[SOURCE MATERIAL]

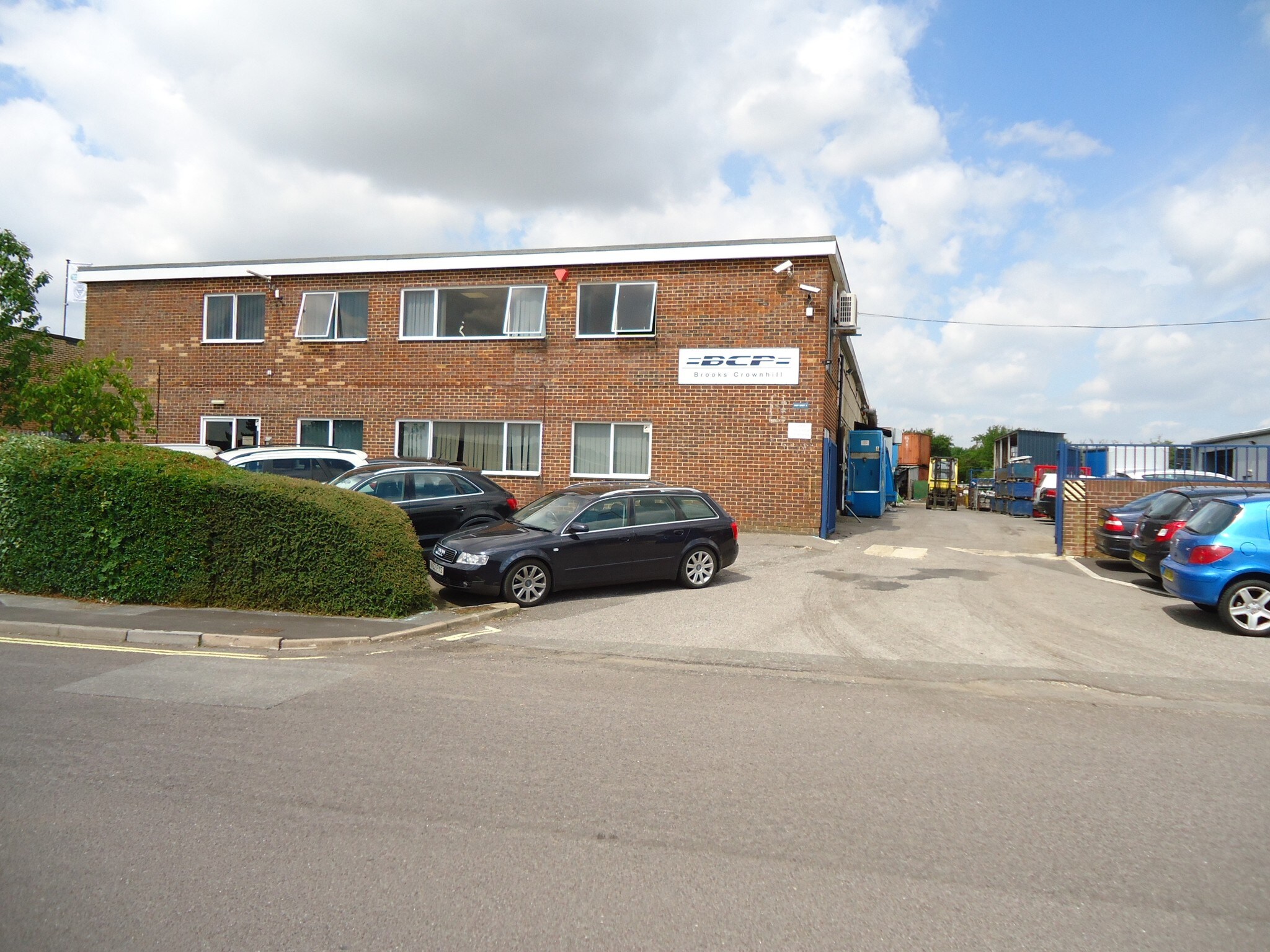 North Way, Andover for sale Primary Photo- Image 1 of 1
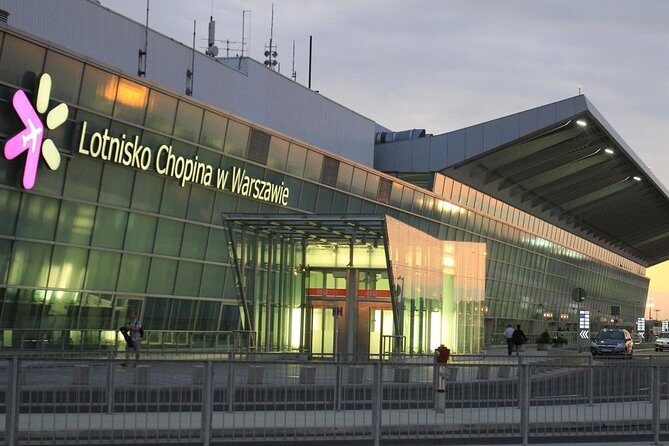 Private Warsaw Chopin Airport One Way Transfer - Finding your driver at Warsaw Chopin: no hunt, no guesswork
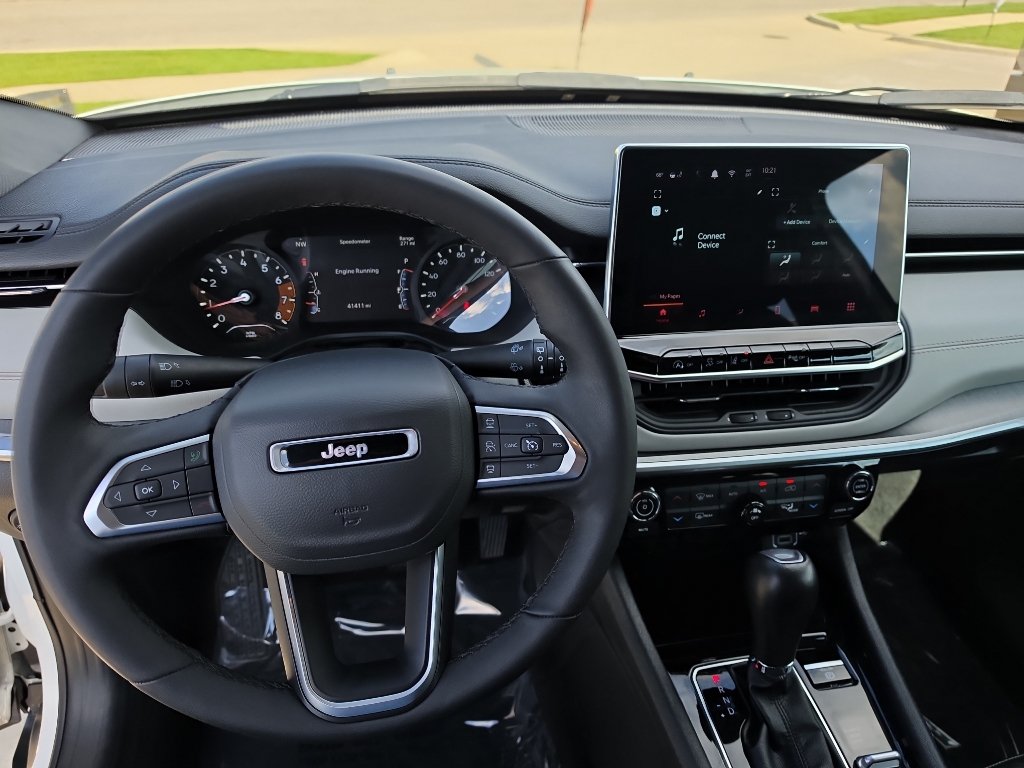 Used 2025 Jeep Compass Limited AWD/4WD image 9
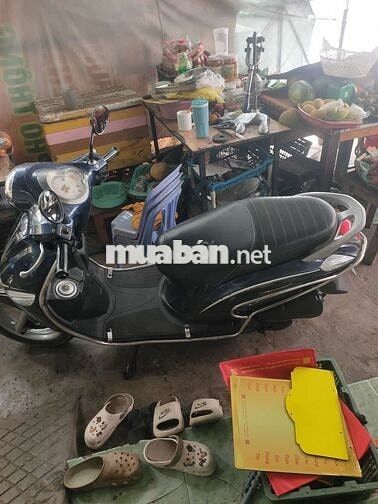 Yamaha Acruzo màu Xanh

[/SOURCE MATERIAL]

* [REQUIREMENT] Omit every picture while printing the data word for word.

* [ANSWER TO THE EXERCISE]
 North Way, Andover for sale Primary Photo- Image 1 of 1
 Private Warsaw Chopin Airport One Way Transfer - Finding your driver at Warsaw Chopin: no hunt, no guesswork
 Used 2025 Jeep Compass Limited AWD/4WD image 9
 Yamaha Acruzo màu Xanh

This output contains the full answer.